- **Exercise**
Copy the listing as it is written, and leave each picture out.

- **Dataset extract**
--- START ---
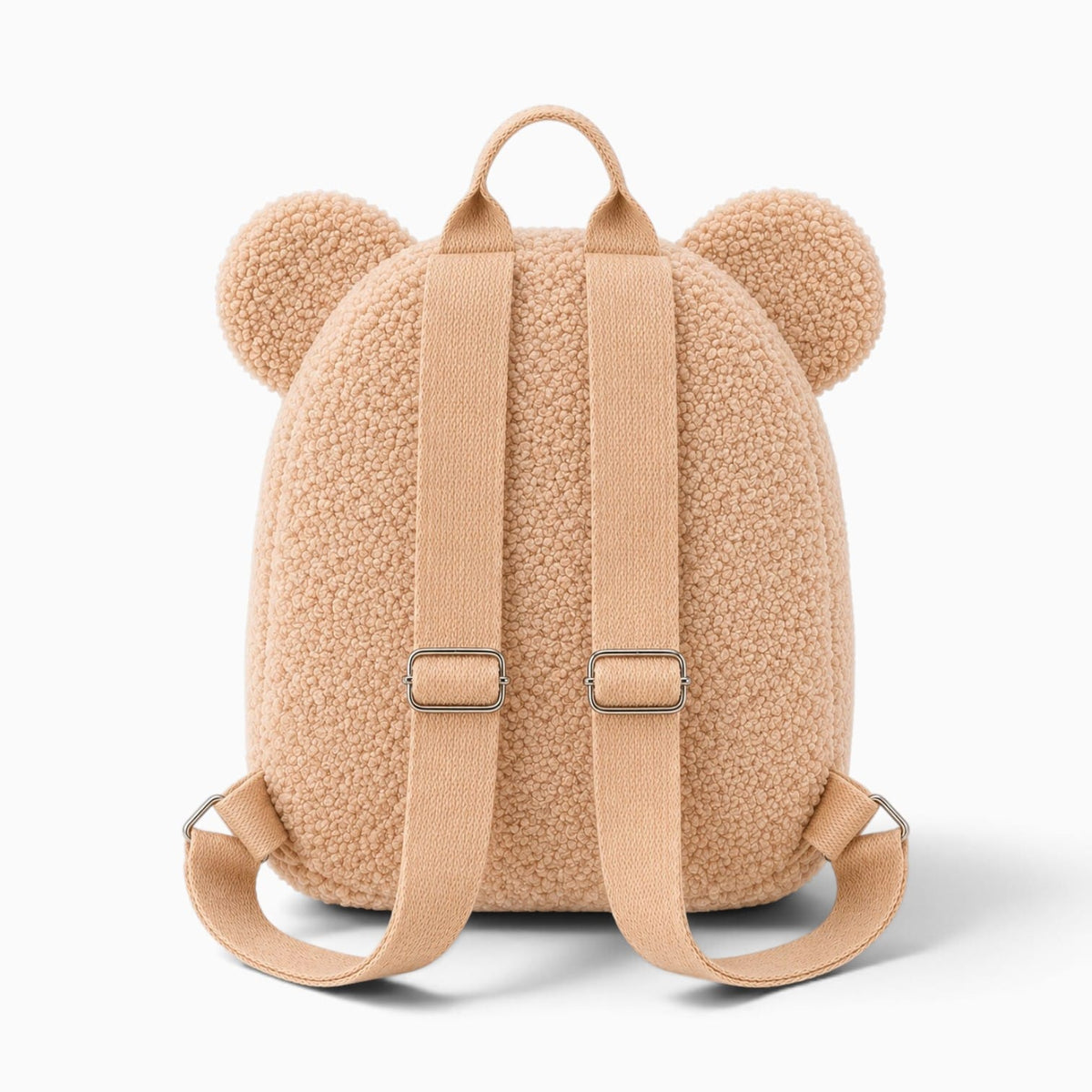 kuscheltierland Beige Beigefarbener Plüsch-Rucksack mit Bärenohren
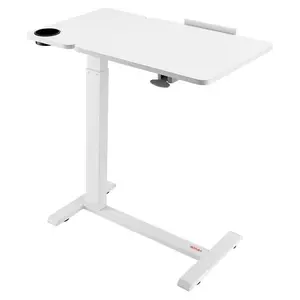 Multifunctional Adjustable Hydraulic Lift Overbed Table with Steel Frame - Tiltable Desktop, Height-Adjusted, Wheels, Low-Profile Under-Bed Storage Compatibility, Bed Tray for Eating, Working - Ideal for Home Use, Hydraulic Lift Table
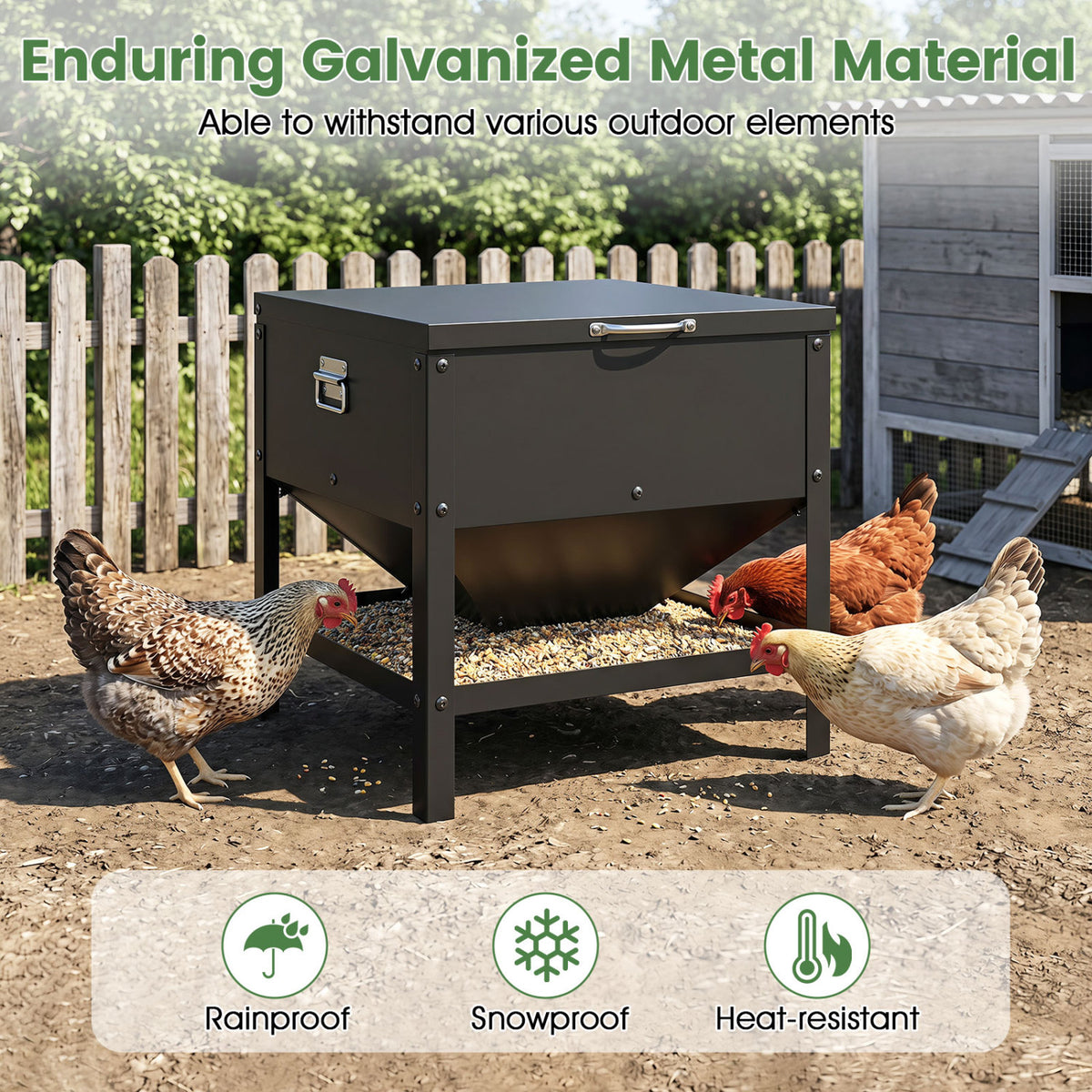 Large Capacity Chicken Feeding Box with Openable Lid-Black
--- END ---
- **Answer area**
 kuscheltierland Beige Beigefarbener Plüsch-Rucksack mit Bärenohren
 Multifunctional Adjustable Hydraulic Lift Overbed Table with Steel Frame - Tiltable Desktop, Height-Adjusted, Wheels, Low-Profile Under-Bed Storage Compatibility, Bed Tray for Eating, Working - Ideal for Home Use, Hydraulic Lift Table
 Large Capacity Chicken Feeding Box with Openable Lid-Black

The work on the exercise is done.